Unlike his foreign predecessors, Zhang Guohua, from Hong Kong, once worked as a marketing executive at fast consumer goods companies such as Procter & Gamble and Coca-Cola, who led Wyeth to overtake its rivals.
Former colleagues describe Zhang Guohua as a professional manager who "treats foreign companies as start-ups". He also built Wyeth's management team in China. "as long as he thinks it's right, everyone on the team will work hard in that direction." But for Nestl é, what is more important is Zhang Guohua's insight into consumer demand.
In 2006, he was the first in the industry to hire "father" Jacky Cheung as the spokesperson for milk powder, rather than the usual image of a mother in the industry. For many years after the event, consumers whose children have grown up still remember the Wyeth brand because it understands that new mothers "actually want their fathers to be involved in taking care of their babies."
In addition, when Wyeth's competition emphasized the added DHA and the type and content of nutrients, Zhang Guohua was the first to communicate with consumers in terms of the similarity between the molecular structure of milk powder and breast milk.
However, the market is changing rapidly, and Zhang Guohua's reform has become more difficult. Nestl é's high-growth areas, milk powder and professional catering, are under pressure from local competitors. Foreign brands such as Wyeth, Abbott and Mead Johnson are becoming homogenized, while they are also facing pressure from local competitors such as Beinmei, Shengyuan and Synergy, which are more flexible in China.
Nestl é has the strictest compliance standards for foreign companies. This makes it passive in the face of "flexible" competitors in the Chinese market. In Europe, in order to encourage breast milk, milk powder companies are prohibited from advertising milk powder to children under the age of one, and all promotions such as contacting newborn mothers in hospitals and giving them samples will be severely fined. But Nestl é's Chinese rival brands still send more promotional messages to mothers of newborns under the age of one.
There is nothing wrong with commercial companies with clear social norms, but if most of their peers in the market do not abide by the same standards, it is bound to lead to unfair competition.

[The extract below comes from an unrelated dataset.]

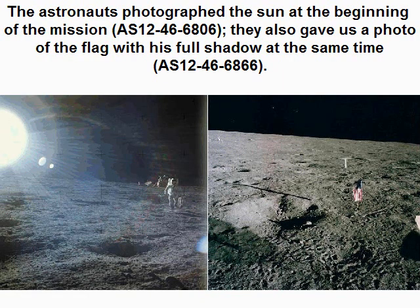The astronauts photographed the sun at the beginning of the mission, AS 124 6 6806. They also gave us a photo of the flag with its full shadow at the same time, AS 124 6 6806.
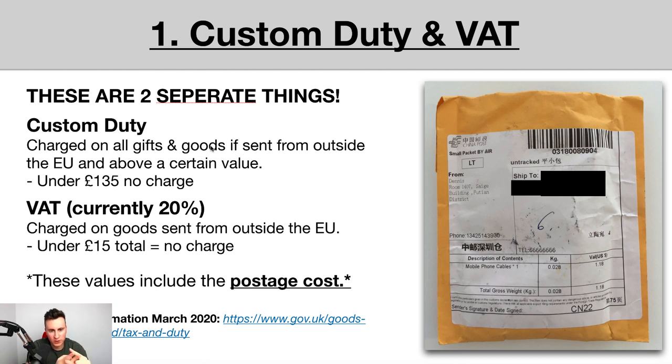The first topic is customs duty and VAT — two potential costs you'll come across while dropshipping. Outside the EU into the UK, you have customs duty and you have VAT, two completely separate things. These aren't to be confused with VAT if you're a VAT-registered business paying 20% on all sales, nor with corporation tax on your profits, nor with income taxes. These are specifically taxes on the goods you're bringing in.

In April this year, Wyeth milk powder was selected by the Swiss headquarters to check compliance. Headquarters sent a number of employees to the Chinese market to check whether Wyeth milk powder violates Swiss headquarters standards in its business activities. In response to the inspection, Wyeth employees had to reduce the display area of the first and second stages of milk powder in supermarkets and maternal and infant stores, and the promotion stack was absolutely not allowed-but in the Chinese market, the first and second stages of milk powder are the key to catching the new mother and the main source of sales-which directly led to the failure of Wyeth milk powder sales target in April.
In addition to expanding local talent, Zhang Guohua also wants to increase Nestl é's nutrition business to make "previously unhealthy products healthier," according to Nestl é insiders. This adjustment is due to the fact that Nestl é's existing product structure can no longer keep up with the upgrading trend of consumption in China-which means the upgrading of existing products and the launch of new products.
The sales system is still a top priority. Zhang Guohua obviously did not want to repeat the same mistake. As soon as he took office, he promoted the building of the direct operation team. At present, Nestl é has reached a direct supply agreement with RT-Mart and Wal-Mart, and more stores will be added to Nestl é's direct supply list.
For Zhang Guohua, this is a "back-to-back battle". Foreign giants no longer hold the rules of the game in China's consumer goods market; internally, Zhang Guohua also has to face the influence of unshakeable foreign executives-the style of European companies will not change.
For Nestl é China and Zhang Guohua, 2015 will determine their future fate.